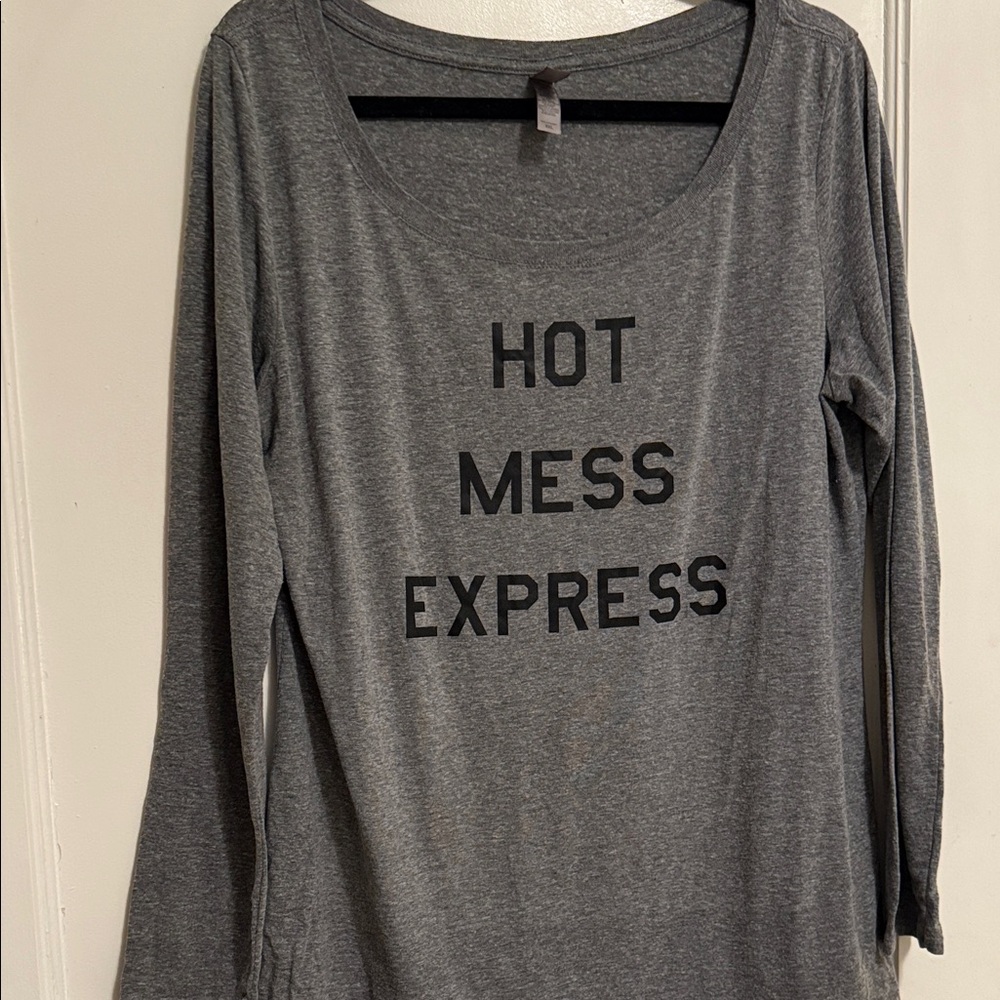 Next Level Apparel Charcoal Long Sleeve Tee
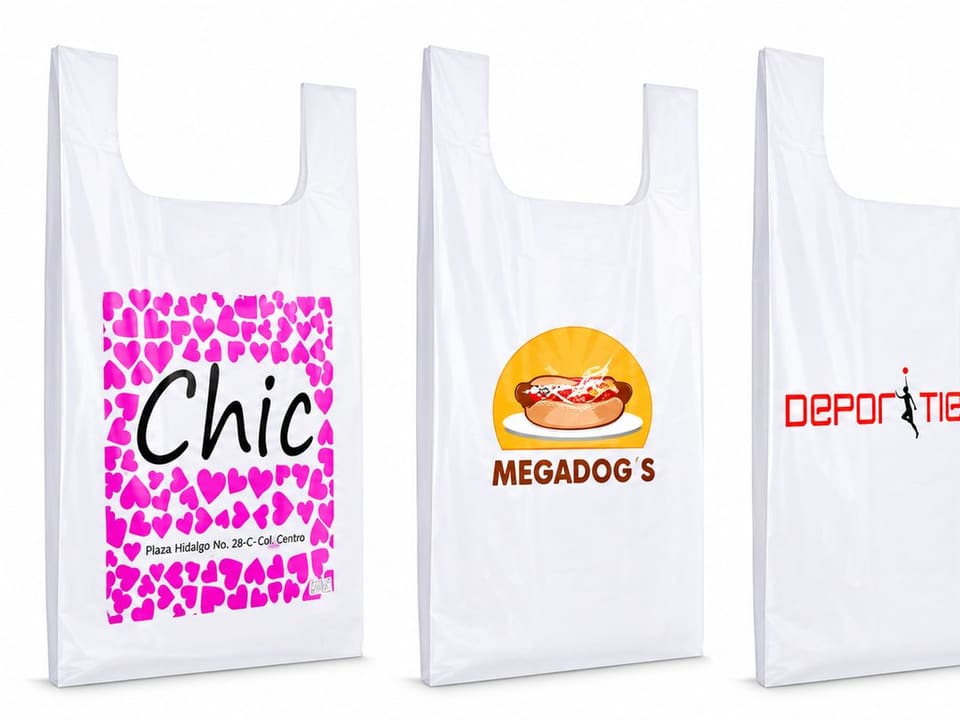 Bolsas de Camiseta Biodegradables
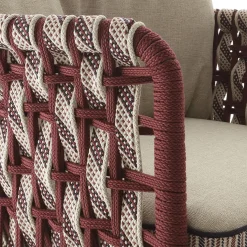 Eva Vertical Ropes Outdoor Armchair by Antonio Marras
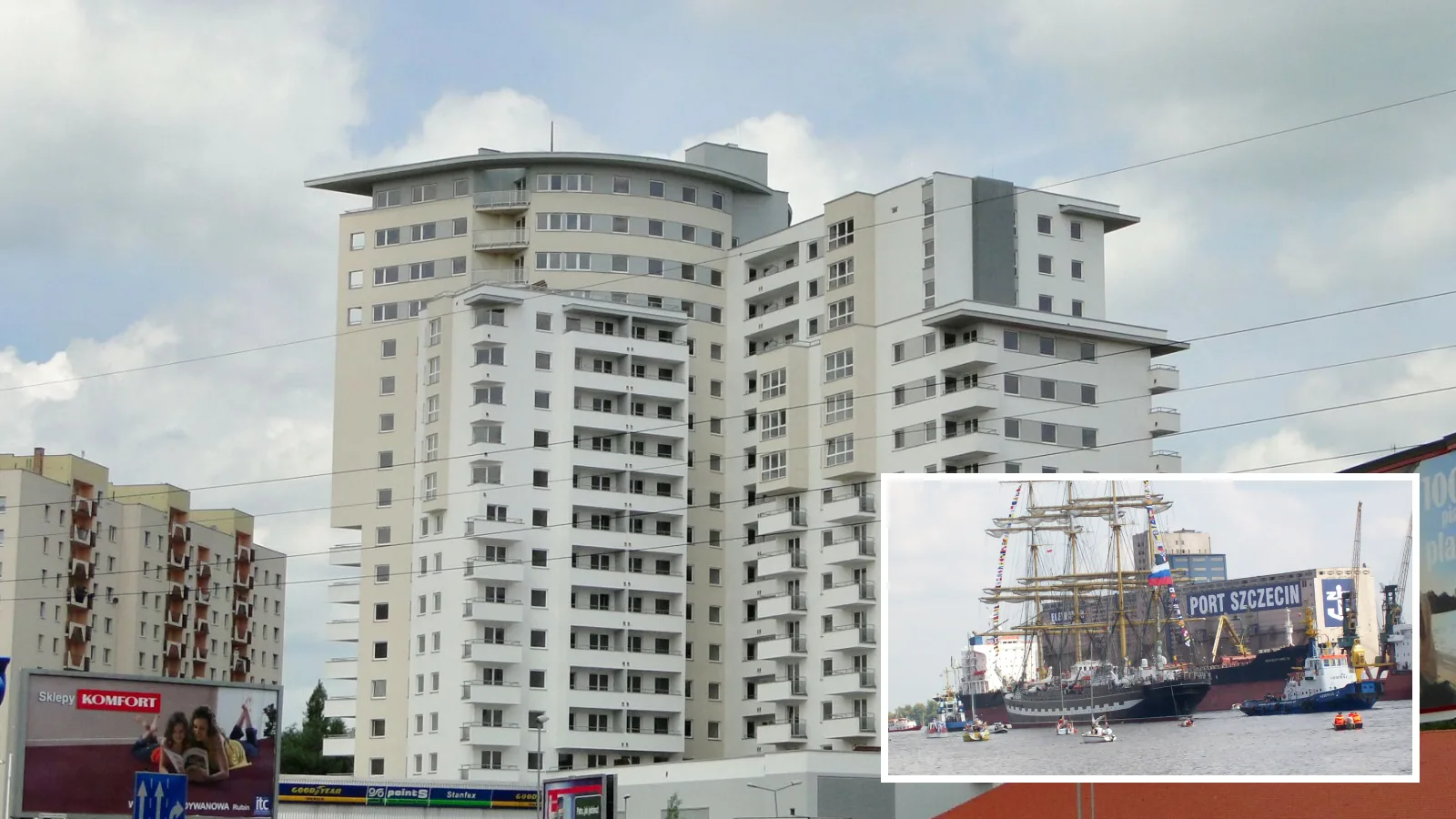 Niebuszewo, Port Szczecin — zdjęcia poglądowe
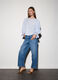 Blusa girocollo in popeline donna_0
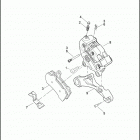 FLHTCUSE6 1PR8 CVO ULTRA CLASSIC (2011) BRAKE CALIPER, REAR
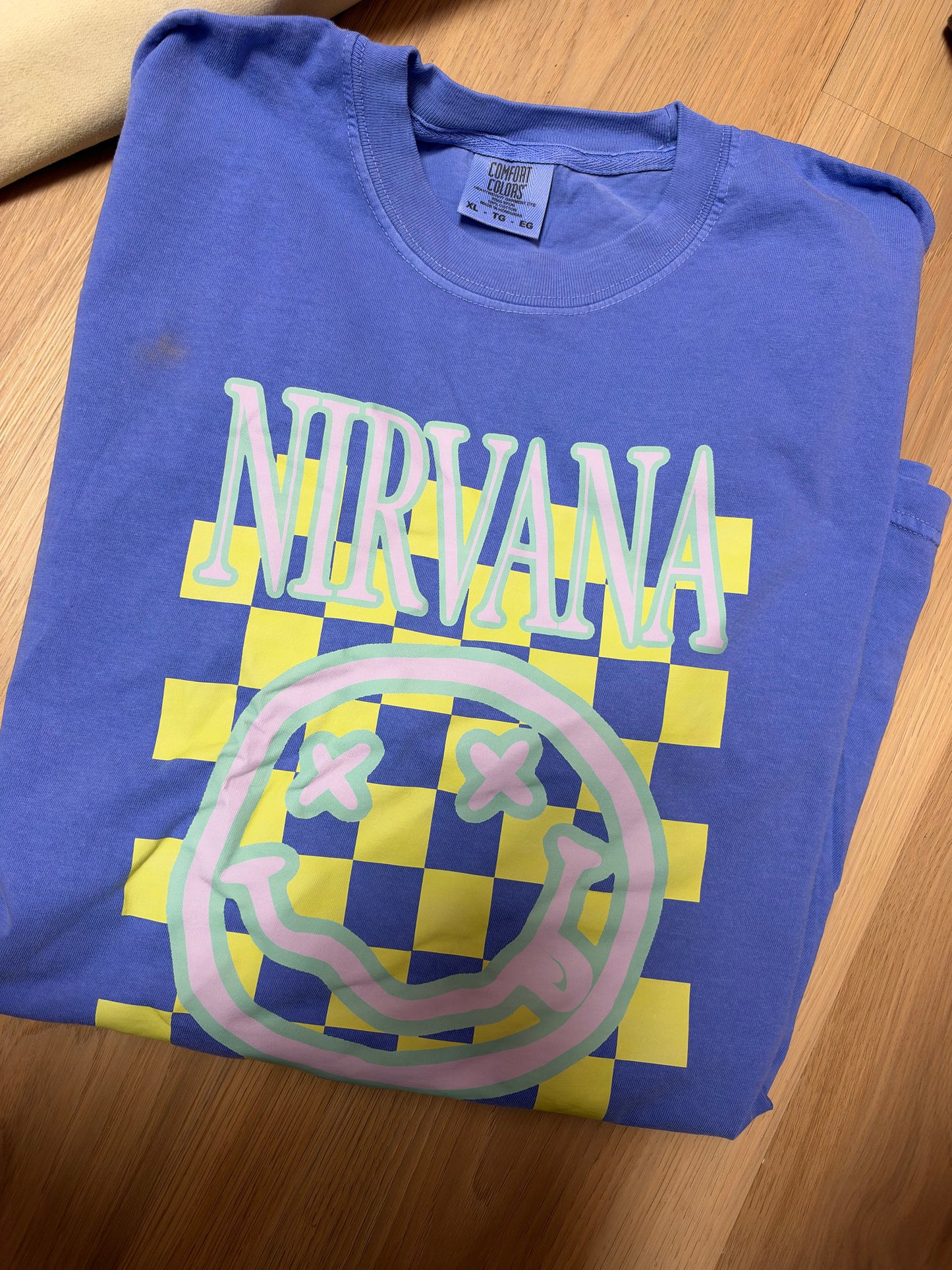 Oopsie Nirv Band Tee | xl | READY TO SHIP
-- -- --
Task: Can the entries above be repeated exactly, without their pictures?

Task result:
 Next Level Apparel Charcoal Long Sleeve Tee
 Bolsas de Camiseta Biodegradables
 Eva Vertical Ropes Outdoor Armchair by Antonio Marras
 Niebuszewo, Port Szczecin — zdjęcia poglądowe
 Blusa girocollo in popeline donna_0
 FLHTCUSE6 1PR8 CVO ULTRA CLASSIC (2011) BRAKE CALIPER, REAR
 Oopsie Nirv Band Tee | xl | READY TO SHIP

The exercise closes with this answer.